--- Dataset extract Enclosed Below ---

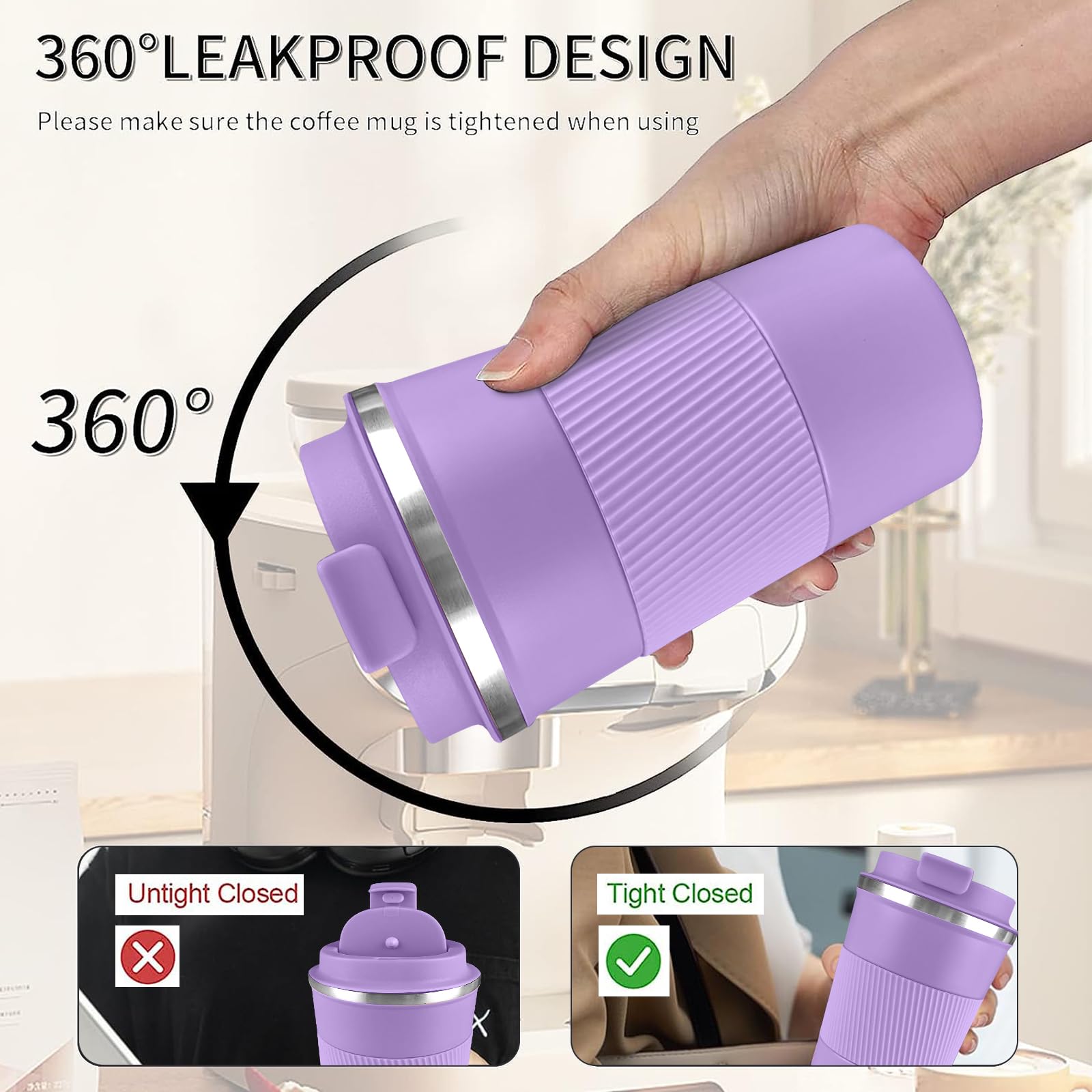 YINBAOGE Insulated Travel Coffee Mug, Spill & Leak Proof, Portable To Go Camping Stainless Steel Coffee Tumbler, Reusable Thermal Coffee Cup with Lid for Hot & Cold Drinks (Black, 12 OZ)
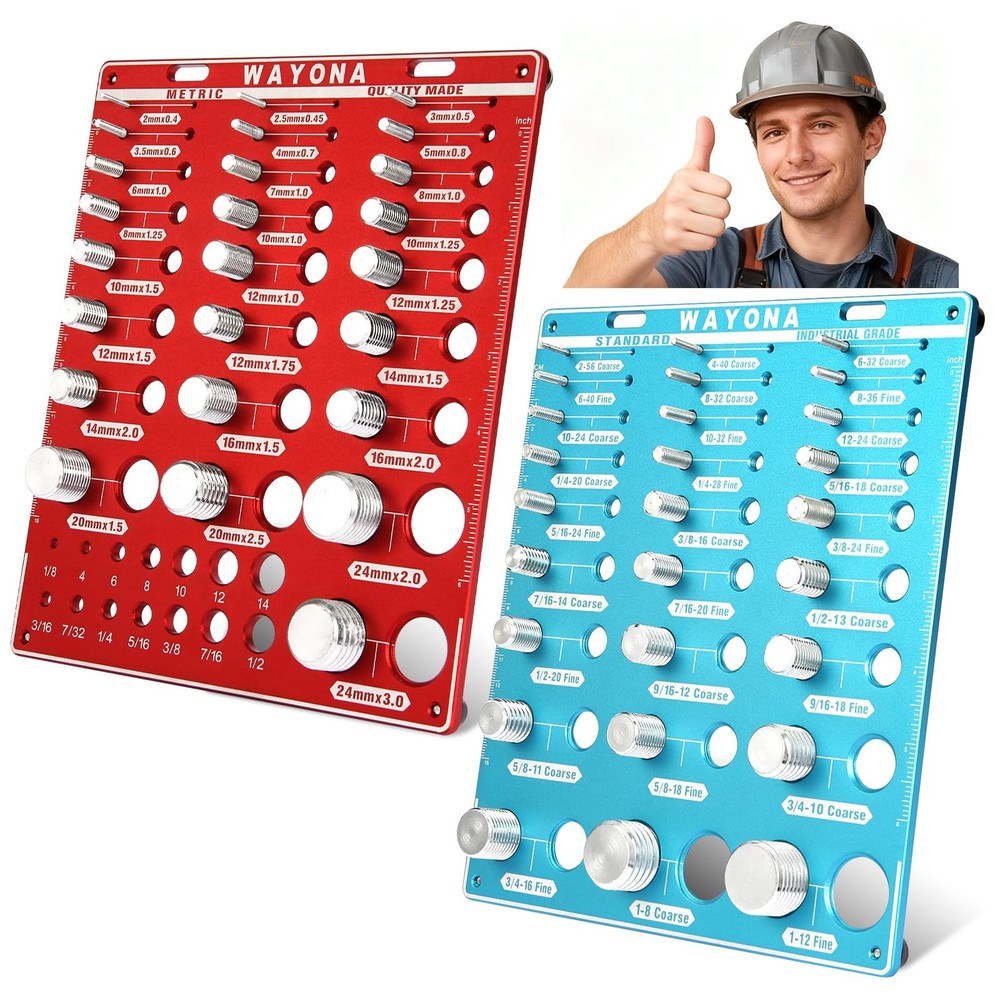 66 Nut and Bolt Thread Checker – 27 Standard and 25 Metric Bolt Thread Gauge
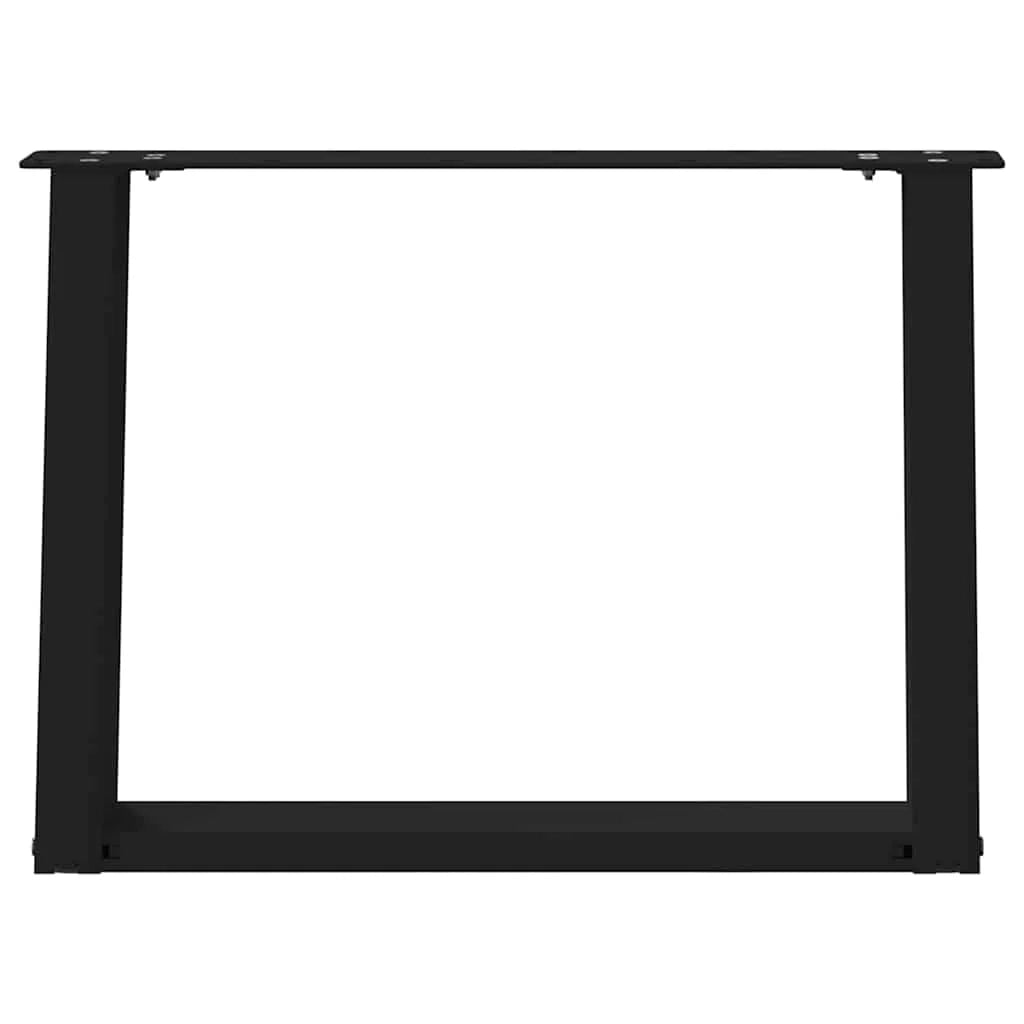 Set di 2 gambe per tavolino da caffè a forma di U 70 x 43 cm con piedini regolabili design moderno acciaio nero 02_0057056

--- End of Enclosed Dataset extract ---

Task: Output, exactly and without pictures, the span of lines that starts at the line containing "66 Nut and Bolt" and ends at the last line above.

Solution for this task:
 66 Nut and Bolt Thread Checker – 27 Standard and 25 Metric Bolt Thread Gauge
 Set di 2 gambe per tavolino da caffè a forma di U 70 x 43 cm con piedini regolabili design moderno acciaio nero 02_0057056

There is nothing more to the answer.